Ce fervent promoteur de la «théologie africaine», qui affirme haut et fort qu’il existe bel et bien une manière africaine de croire au Dieu de Jésus Christ, déplore qu’en Afrique noire, dans les grands séminaires et même dans les Facultés de théologie, on n’enseigne plus qu’une théologie et une philosophie basées sur des concepts issus de la culture occidentale.
Depuis la disparition de grandes figures de l’épiscopat africain, comme le Camerounais Jean Zoa, ancien archevêque de Yaoundé, le cardinal kenyan Maurice Michael Otunga (Nairobi), le cardinal sénégalais Hyacinthe Thiandoum (Dakar), et le cardinal congolais Joseph Albert Malula (Kinshasa), il n’y a plus que la théologie occidentale qui soit enseignée en Afrique, déplore l’abbé Bujo, prêtre du diocèse de Bunia, au nord-est de la République démocratique du Congo.
Et pourtant, souligne cet ancien professeur de théologie morale et d’éthique sociale à l’Université de Fribourg, «il est possible de développer, entre autres, un enseignement social de l’Eglise sans utiliser le concept de loi naturelle classique». Ce concept cher à la pensée théologique occidentale, hérité d’Aristote et de saint Thomas d’Aquin, s’opposant au «relativisme», affirme transcender les cultures, les époques et les religions. C’est là le point crucial.

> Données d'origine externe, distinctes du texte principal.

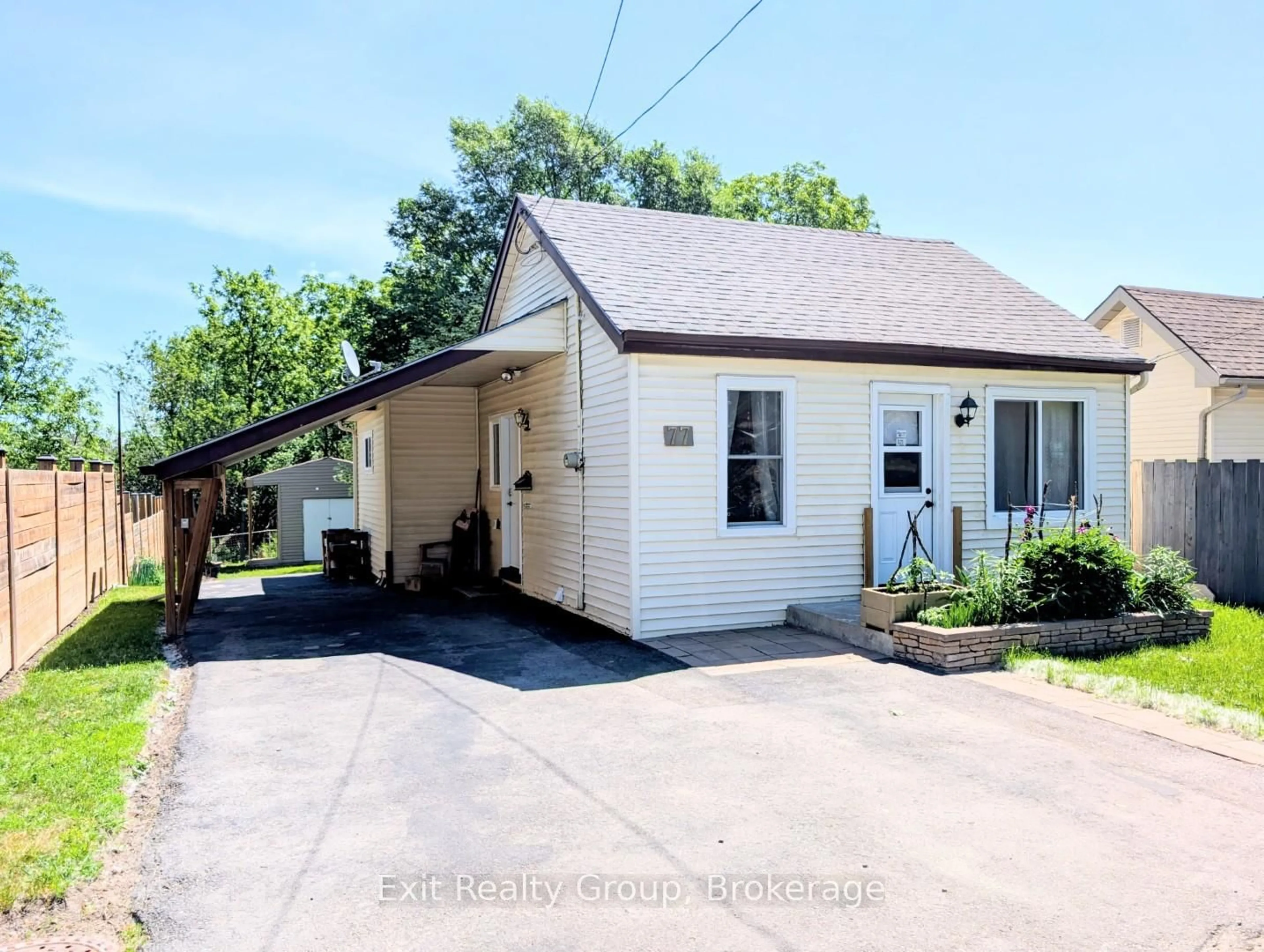Unknown for 77 Frank St, Belleville Ontario K8P 3V5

«Le christianisme africain a pourtant besoin d’une éthique qui ne lui soit pas étrangère ou imposée à partir d’autres visions du monde qui, elles aussi, ne sont que des manières particulières de mettre la foi en pratique. En effet, l’éthique occidentale, qui provient d’une autre philosophie, avec sa notion de loi naturelle, sa conception de la personne humaine et de la liberté, ne peut pas satisfaire l’homme africain et lui rendre justice».
Fidèle à ce que demandait déjà le pape Paul VI dans sa lettre apostolique «Africae terrarum», encourageant, en 1967 déjà, les Africains à être eux-mêmes dans leur culture, Bénézet Bujo poursuit son étude de la théologie africaine dans son nouveau livre: La vision africaine du monde – Pour un enseignement social de l’Eglise sans loi naturelle.

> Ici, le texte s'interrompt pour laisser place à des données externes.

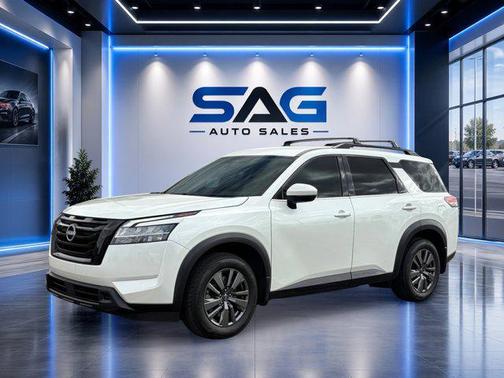 Pearl White Tricoat 2022 Nissan Pathfinder SV 2WD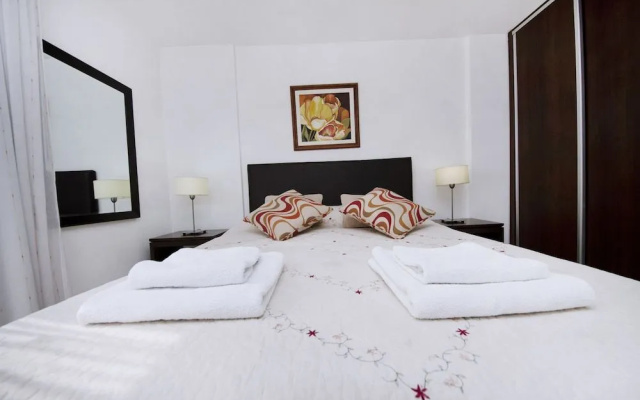Bvd. Illia Apartment AN4
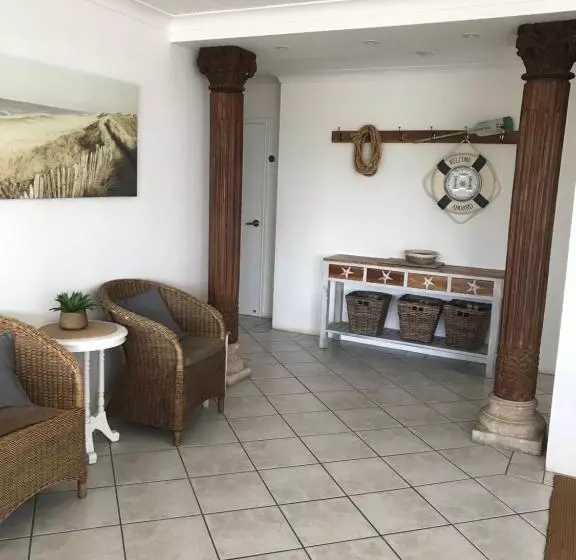 آپارتمان 3 خوابه, Golden Sands On The Beach   Absolute Beachfront Apartments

Cet ouvrage de 242 pages est sorti début décembre 2018 aux Editions Saint-Augustin, à Saint-Maurice. Ces éditions ont pris le relais après la disparition, en 2017, d’Academic Press Fribourg, qui avait publié les trois premiers volumes de la collection «Théologie africaine» en 2016 et 2017.
«On note une régression dans la pensée théologique et philosophique africaine, on enseigne aujourd’hui la même chose que partout. Ce n’était pas le cas à l’époque suivant directement le Concile Vatican II. N’oublions pas que c’est sous l’impulsion du renouveau conciliaire que le cardinal Malula avait institué les ‘bakambi’, un ministère paroissial confié à des laïcs, bien avant l’institution des assistants pastoraux en Europe! On pourrait d’ailleurs même oser considérer le propos du canon 517, § 2 (Code de droit canonique 1983) comme ‘canon Malula'».
L’abbé Bujo regrette qu’en Afrique, on ne parle quasiment plus d’inculturation ou de théologie africaine, alors qu’après Vatican II elle faisait partie des priorités qu’il ne fallait pas perdre de vue. «Les évêques ne sont plus autant conscients qu’avant de cette nécessité vitale pour l’évangélisation de l’Afrique. Et cela risque encore d’empirer, si l’on ne fait pas attention, avec l’impact des nouvelles technologies, la globalisation, qui s’imposent dans les endroits les plus reculés, menaçant de détruire les cultures… On court le danger d’avoir affaire dans le futur à des personnalités hybrides qui ne sont ni africaines, ni occidentales…»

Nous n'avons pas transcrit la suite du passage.